Mahdjoub Tarik, Michot Nicolas, Karam Elias, Verger Martine Le, Giger-Pabst Urs, Ouaïssi Mehdi
Department of Digestive, Oncological, Endocrine, Hepatobiliary and Liver Transplant, Unité de Chirurgie Colo-rectale, Trousseau Hospital, University Hospital of Tours, Avenue de la République, Chambray- Les-Tours, France.
Pharmacy, CHU de Tours-Trousseau, Avenue de la République, Chambray- Les-Tours, France.
BMC Surg. 2025 Aug 22;25(1):383. doi: 10.1186/s12893-025-03139-6.
The objective of this study is to compare the perioperative clinical outcomes between power-assisted circular staplers (PCS) and manually-operated circular staplers (MCS) with directional stapling technology (DST) for deep colorectal anastomoses.
A retrospective analysis of a prospective database of 64 consecutive patients who underwent elective surgery for low colorectal anastomosis (< 7 cm from the anal verge) between February 2020 and December 2022 at a tertiary referral center for colorectal surgery at the University Hospital of Tours, France. Patients were divided into two groups according to the stapler used: PCS group II; (n = 35) and MCS (group I; n = 29). Data collected included demographic characteristics, intraoperative parameters, postoperative complications (Dindo-Clavien), and oncological outcomes.

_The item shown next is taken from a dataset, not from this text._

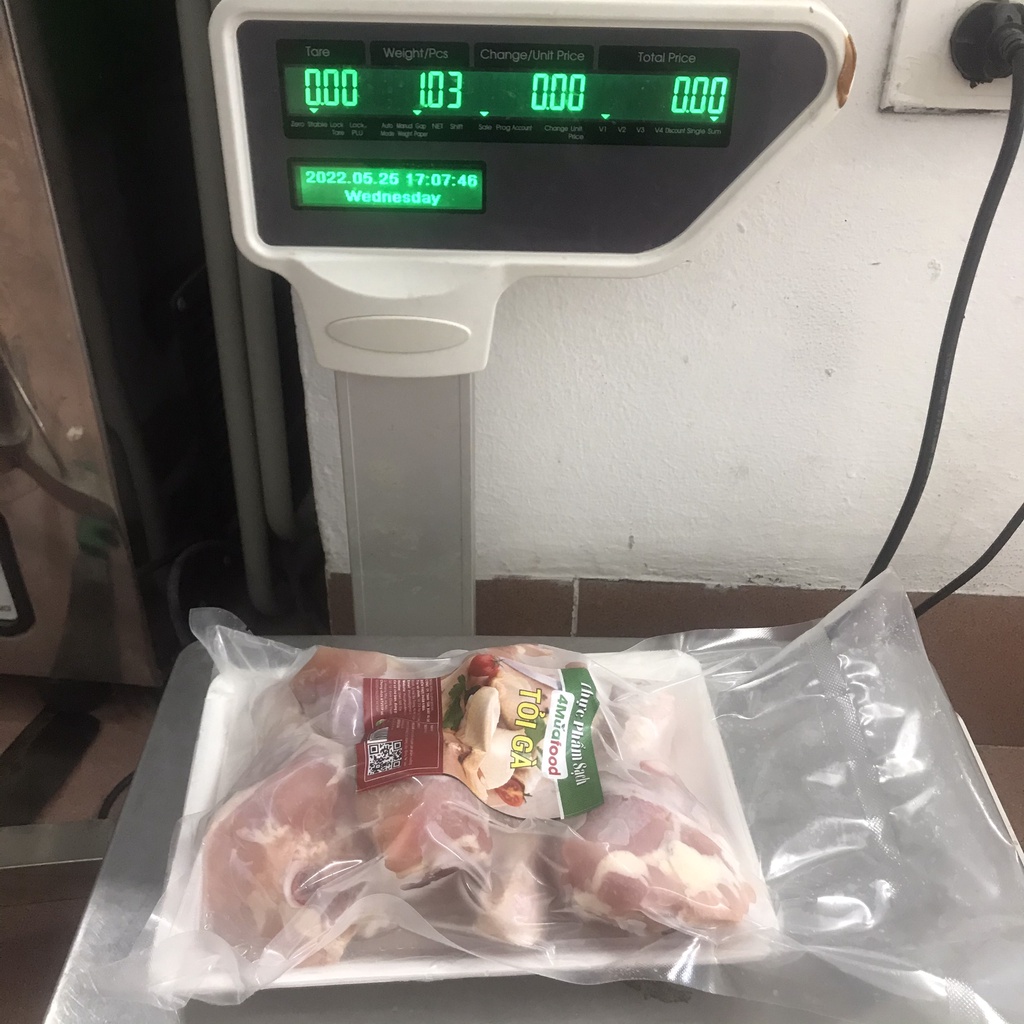 1Kg Đùi Tỏi Gà Mountaire Mỹ 4-5 cái/khay - 4Muafood - Thực Phẩm 4 Mùa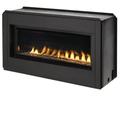 Superior VRL4543ZEN 43 in. Linear Vent Free Fireplace - Black Porcelain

The PCS group had significantly lower overall rates of postoperative complications compared to the MCS group (31.4% vs. 62%, p = 0.022). In particular, anastomotic bleeding (AB) was less frequent in the PCS group (0% vs. 17.2%, p = 0.015). While no significant differences in recurrence or survival events were observed between groups during follow-up, the PCS group demonstrated a lower incidence of symptomatic anastomotic leaks (8.6% vs.13.6%, p = 0.069) and postoperative ileus (0% vs. 20.7%, p = 0.025).
In our study, the use of PCS for deep rectal anastomosis was associated with a significantly lower overall postoperative complication rate, rate of symptomatic anastomotic leackage (AL) and AB. Our data support the potential preferential use of PCS in clinical practice. However, larger prospective randomized trials should be conducted to further investigate the potential clinical benefits and cost-effectiveness of using PCS in selected patient populations.

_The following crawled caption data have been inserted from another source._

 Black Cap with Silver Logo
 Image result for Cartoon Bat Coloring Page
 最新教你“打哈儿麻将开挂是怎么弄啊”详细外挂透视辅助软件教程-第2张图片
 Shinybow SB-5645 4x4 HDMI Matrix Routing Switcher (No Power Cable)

本研究的目的是比较电动圆形吻合器(PCS)和采用定向吻合技术(DST)的手动圆形吻合器(MCS)在低位结直肠吻合术中的围手术期临床结果。
对法国图尔大学医院结直肠外科三级转诊中心2020年2月至2022年12月期间连续64例行低位结直肠吻合术(距肛缘<7cm)择期手术患者的前瞻性数据库进行回顾性分析。根据所使用的吻合器将患者分为两组:PCS组(n = 35)和MCS组(I组;n = 29)。收集的数据包括人口统计学特征、术中参数、术后并发症(Dindo-Clavien分级)和肿瘤学结果。
与MCS组相比,PCS组术后总体并发症发生率显著更低(31.4%对62%,p = 0.022)。特别是,PCS组吻合口出血(AB)的发生率更低(0%对17.2%,p = 0.015)。虽然随访期间两组之间在复发或生存事件方面未观察到显著差异,但PCS组有症状的吻合口漏发生率更低(8.6%对13.6%,p = 0.069),术后肠梗阻发生率也更低(0%对20.7%,p = 0.025)。
在我们的研究中,使用PCS进行低位直肠吻合术与术后总体并发症发生率、有症状的吻合口漏(AL)发生率和AB发生率显著更低相关。我们的数据支持在临床实践中优先使用PCS。然而,应进行更大规模的前瞻性随机试验,以进一步研究在特定患者群体中使用PCS的潜在临床益处和成本效益。